From Loan Payment to Lucrative Profit
While operating his grocery store in Sacramento, Leland Stanford accepted an interest in the Union Mine in Sutter Creek, later known as the Lincoln Mine, as settlement of a debt. When the losses mounted up and he was determined to sell the mine, the foreman, Robert Downs, convinced Stanford to wait a little longer, which he did. That proved to be a wise decision. Between 1860 and 1873, $2.2 million in gold was taken out of the mine. Stanford sold his interest in it for $400,000. He went on to partner in the Transcontinental Railroad that changed the course of history.
For a time, Stanford called Sutter Creek home. I wonder if he enjoyed its beauty and charm as much as I do. If you plan a future visit, you might want to check out Knight Foundry and the Monteverde Store. (You’re sure to have fun while learning about the town’s rich past.
Keeping Jackson’s Water Safe
Gold mining produces pulverized rock debris, which was the case in Jackson. The piles of waste didn’t pose a big problem until heavy rains fell in January 1911. The deluge of 20 inches sent slickens—a slime and sand mixture—into creeks, flooding or washing away valuable farmland. Some ranches and farms were covered with inches of the slickens. The farmers banded together, bent on seeking flood damages.
Even before an agreement was reached in March 1913, the Kennedy Mine had begun construction on four tailing wheels to deal with its waste. Standing 68 feet high, each wheel held 178 buckets that lifted the mining waste up and deposited it into flumes that transported it downhill to a dammed impound basin.
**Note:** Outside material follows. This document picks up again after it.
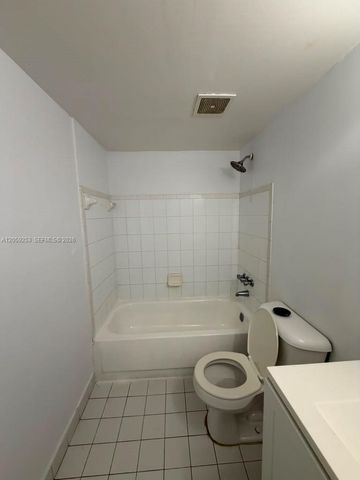 291 NW 177th Street C-117, Miami Gardens, FL 33169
Although two of the tailing wheels collapsed after mining ceased in 1942, two remain standing to this day. One is out in the open, and the other is protected inside a glass structure. They’re a sight to behold. With Jackson located about four miles from Sutter Creek, you could easily take in both sights in a single outing. Should you choose to do so once we’re free to travel again, I’m sure you’d have a great time soaking in this Gold Rush history.